Additional advice for the OP: don’t put a pic that shows you and without an email, no one will know for sure who you are. I know I don’t add people if I can’t see if it’s actually them. Facebook will penalize you for adding people you don’t actually know.
I need to keep up with what goes on in the club.
Normally, I’m at the meetings so that isn’t a problem.
I got sick and could not go to meetings.
I still need to keep up with what goes on in the club.
Updates that should have been sent were not sent.
I went looking for them on the club’s Facebastard page.
I could only see everything on the page if I had one, too.
I don’t want a Facebook page. I hate Facebook.
I very unhappily break down and get a Facebook page to make sure that what needs to be done is getting done.
I hate feeling obligated, pushed, trapped, or otherwise made to do things I don’t want to do.
Unfortunately, life is full of that kind of crap.
Now I have a Facebook page. I hate Facebook.
I write a post declaring my hatred in The BBQ Pit.
Things go all weird.
White SIFL, what the hell man, really?
You see the words I emphasized there? How do you pick that as part of a quote that, I guess, you were trying to use to prove your point and then just ignore it?
Sure. There’s really only one reason and that’s why I made sure to state that the thing you picked out is just a small piece of the hate pie.
The OP was a declaration of dislike. I didn’t ask anybody to agree or disagree with me. I hate something and felt like yelling about it. To be honest, I never thought there would be any responses, because I couldn’t believe that anybody would care about another “I hate Facebook” rant. I expected to be ignored but you people keep surprising me.
Health issues aside (and I think those would be a better subject for a rant), have you tried to look at this from the perspective of other club members?
They know there’s this old sick dude who’s kind of the club’s Elder, who’s been around for fuckall knows how many years. He’s kind of angry at everyone else for not being as involved in the club as him. And he’s not a barrel of positive energy, either: although he might try to hide his burning rage at almost everything in the world, everyone in the club knows about it. Then he leaves for a few months to take care of some health issues. Someone proposes that they start keeping track of things with Facebook, since that’s what everyone except the grognard uses.
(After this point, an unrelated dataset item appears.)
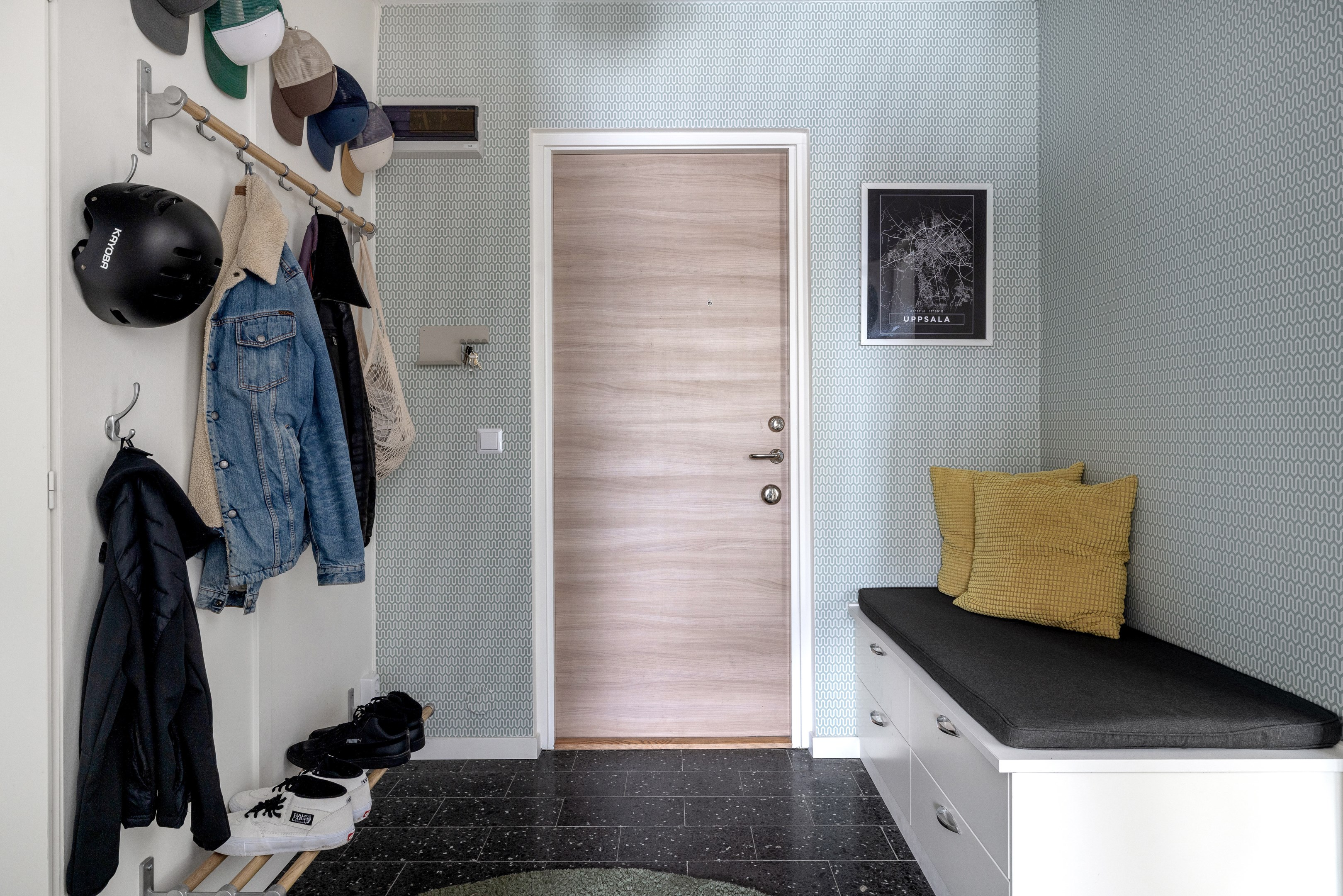 Bostadsbild från Väpnargatan 15A, Till salu i Tunabackar, Uppsala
Even if they know the grognard doesn’t like Facebook, they figure he can get over it, set up an anonymous account if it bothers him so much. Now the elder grognard is full of rage, and they’re confused.
I’m seeing the cause for rage when it comes to horrific tumors and injured wrists etc. But the rage at Facebook is 100% misplaced. This club has found a form of organization that works well for almost everyone, and your reasons for not wanting to use it are not valid (it’s trivially easy to set up your account to avoid high school assholes–set it up under the name Grognard P. Applesauce and you’re golden).
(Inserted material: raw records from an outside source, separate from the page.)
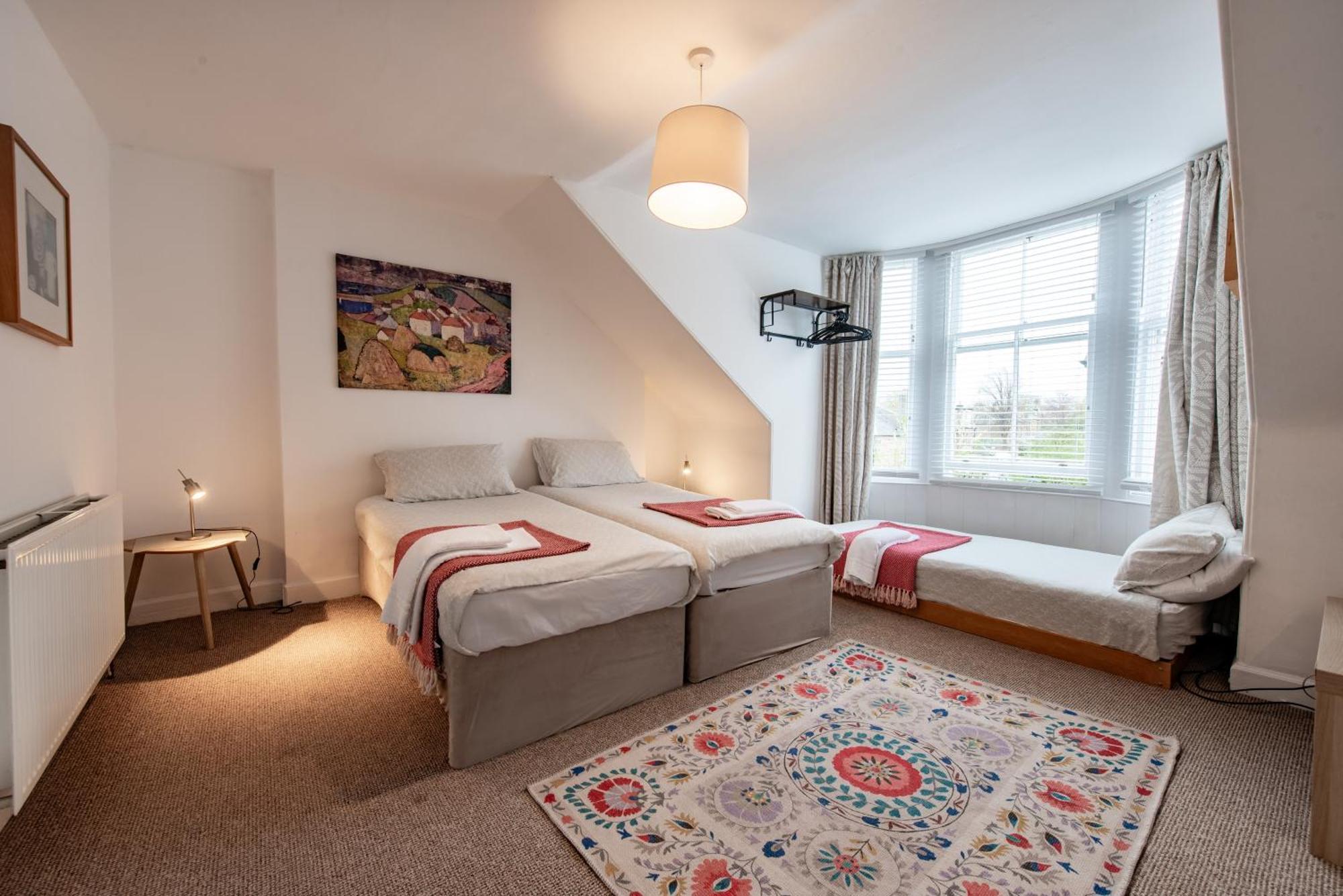 Sheens House Edinburgh Dış mekan fotoğraf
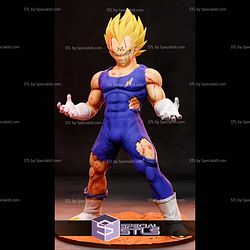 Majin Vegeta Tatter 3D Printing Models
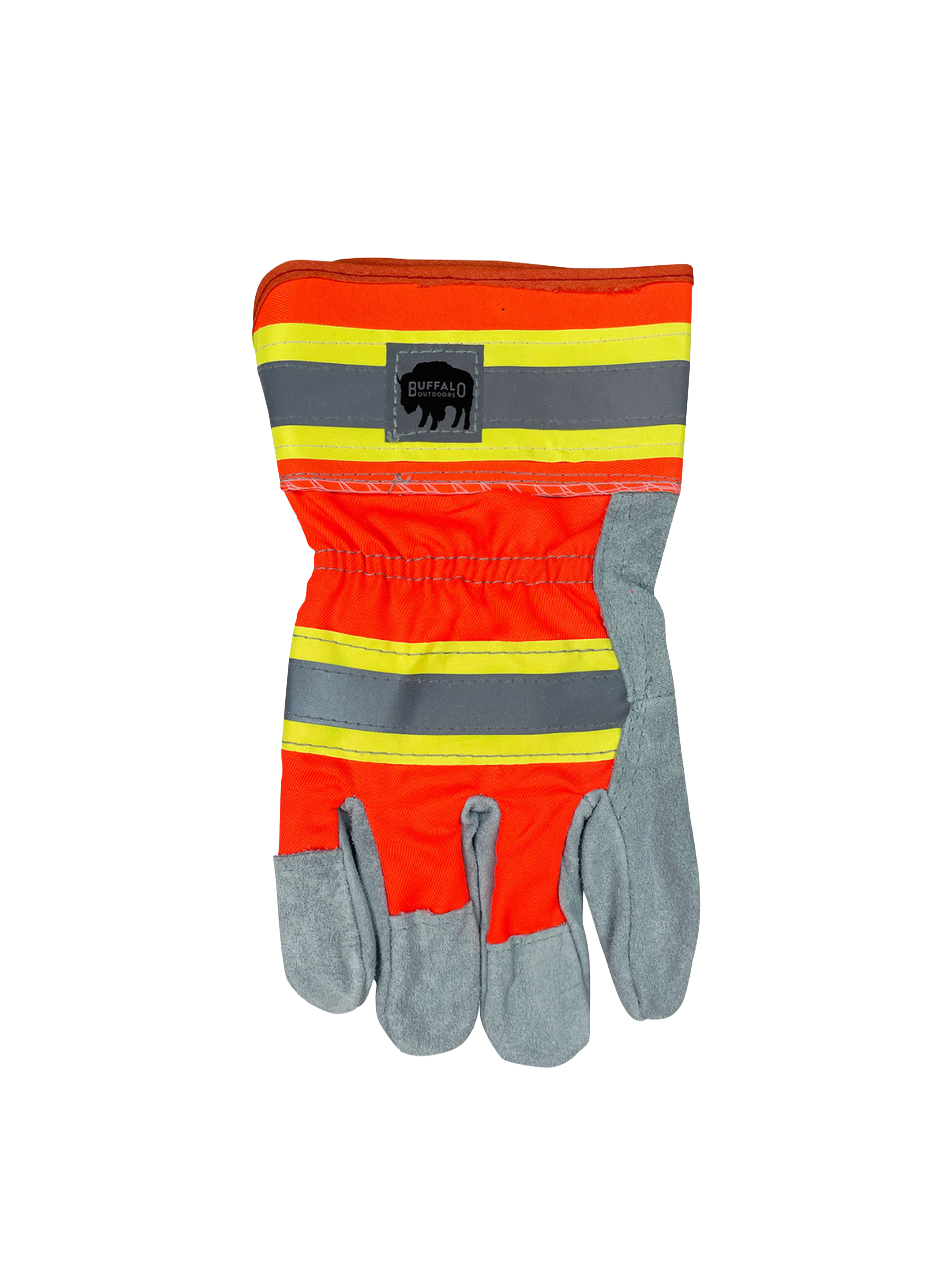 Heavy Duty All-Season Leather Work Gloves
*Bored men, who in frustration click links just to look
At more pics and jokes just like yesterday’s,
Rage, Rage against the tedious Facebook.
And you, dear Sodalite, whose complaints have been mistook,
Curse, bless, us now with your fierce tears, always.
Do not put up with teenaged gobbledy-gook.
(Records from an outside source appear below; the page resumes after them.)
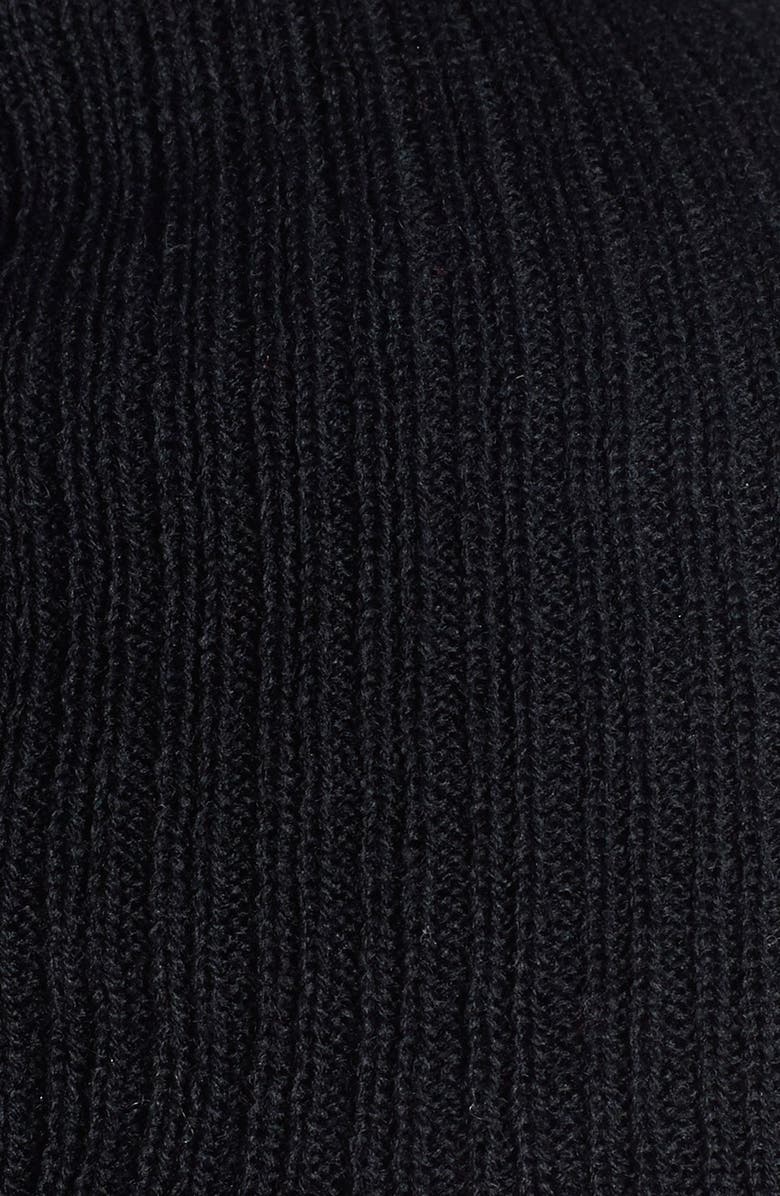 BP. Slouchy Ribbed Beanie, Alternate, color, 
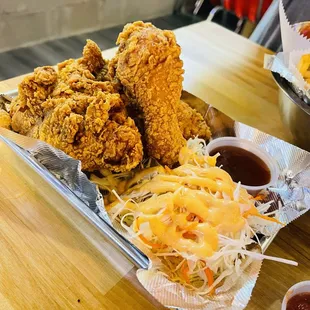 No. 1 Plus Chicken - Carrollton
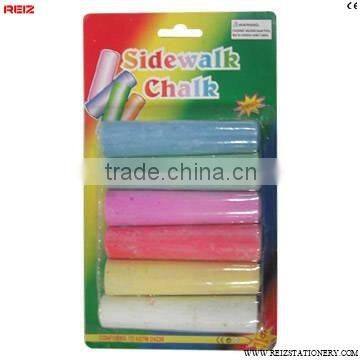 Chinese cheap price school and kids use all kinds jumbo dustless normal white and colored chalk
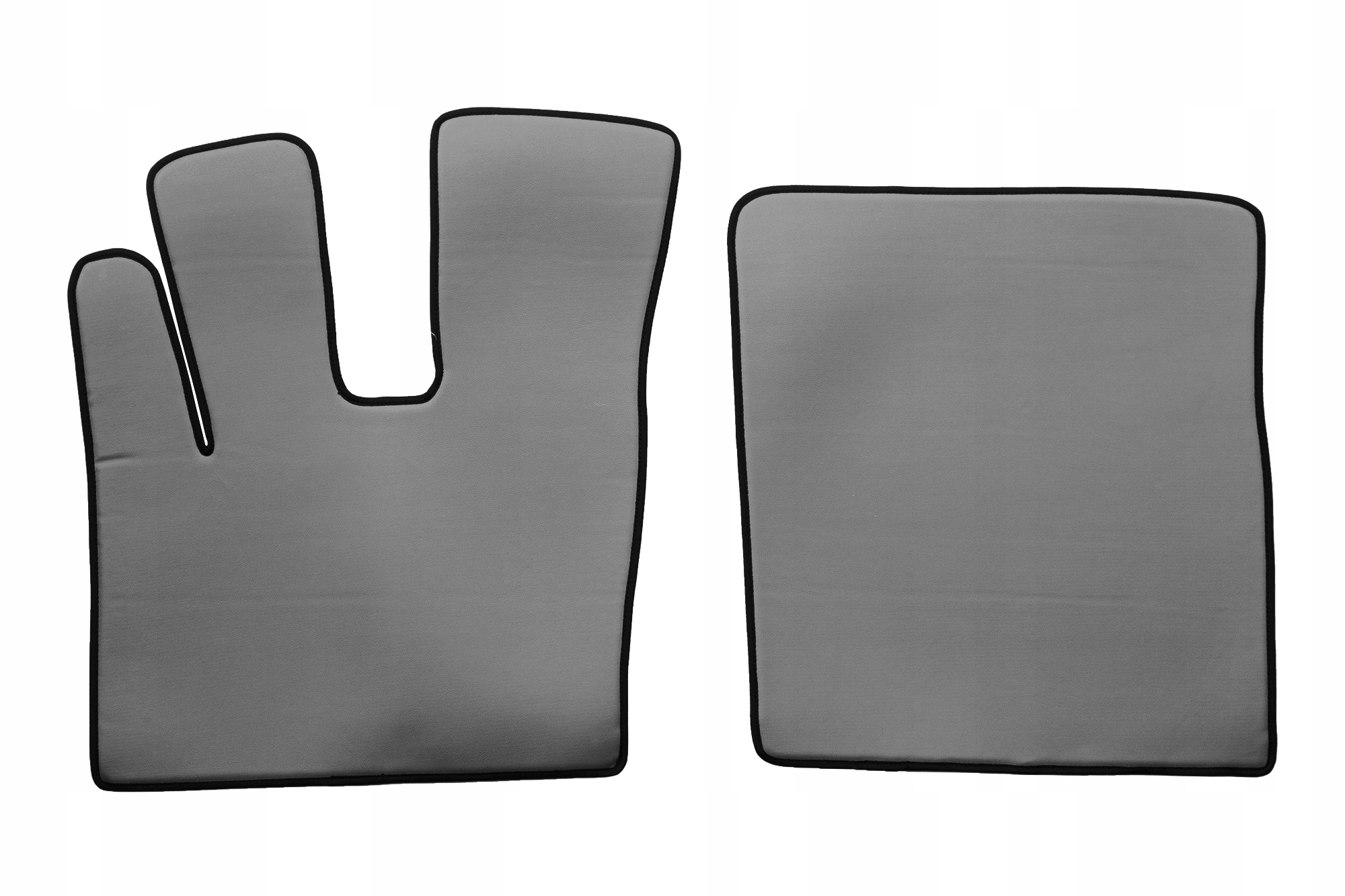 Koberce Tir Daf Xf Euro 6 pod nohy eko-kůže skaj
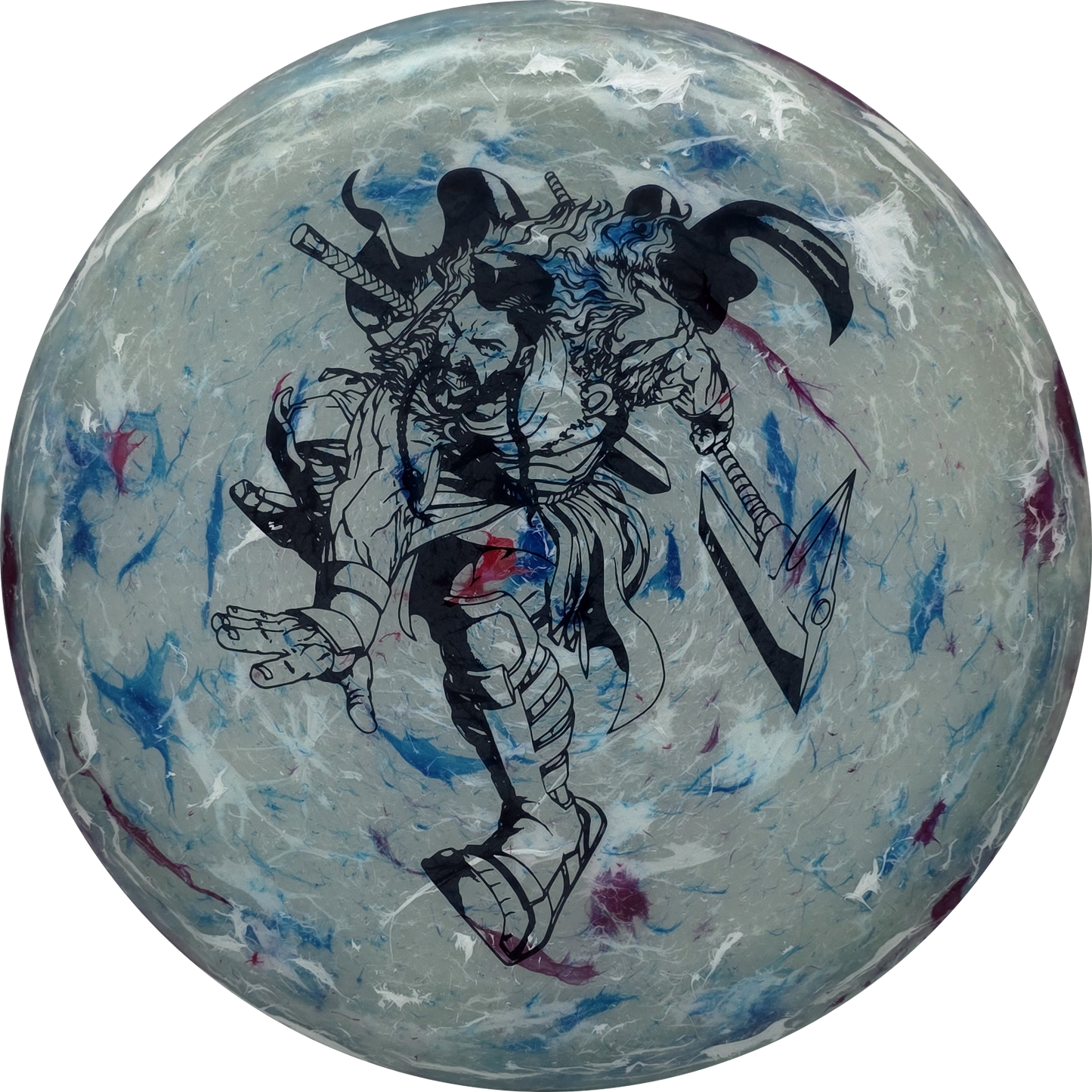 Discraft Z Jawbreaker FLX Kratos - Paul McBeth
Rage, Rage against the tedious Facebook.*
I saw the best minds of the Dope destroyed by Facebook, starving hysterical naked, dragging themselves through the status updates of Friends looking for an angry fix, Poke-minded hipsters burning for a timeline connection to the starry dynamo in the machinery of Menlo Park.
[QUOTE=BigT]
Facebook will penalize you for adding people you don’t actually know.
[/QUOTE]
Penalize me? In what way? A fine, a ticket, no dessert after dinner? How does FB know whether I know someone or not?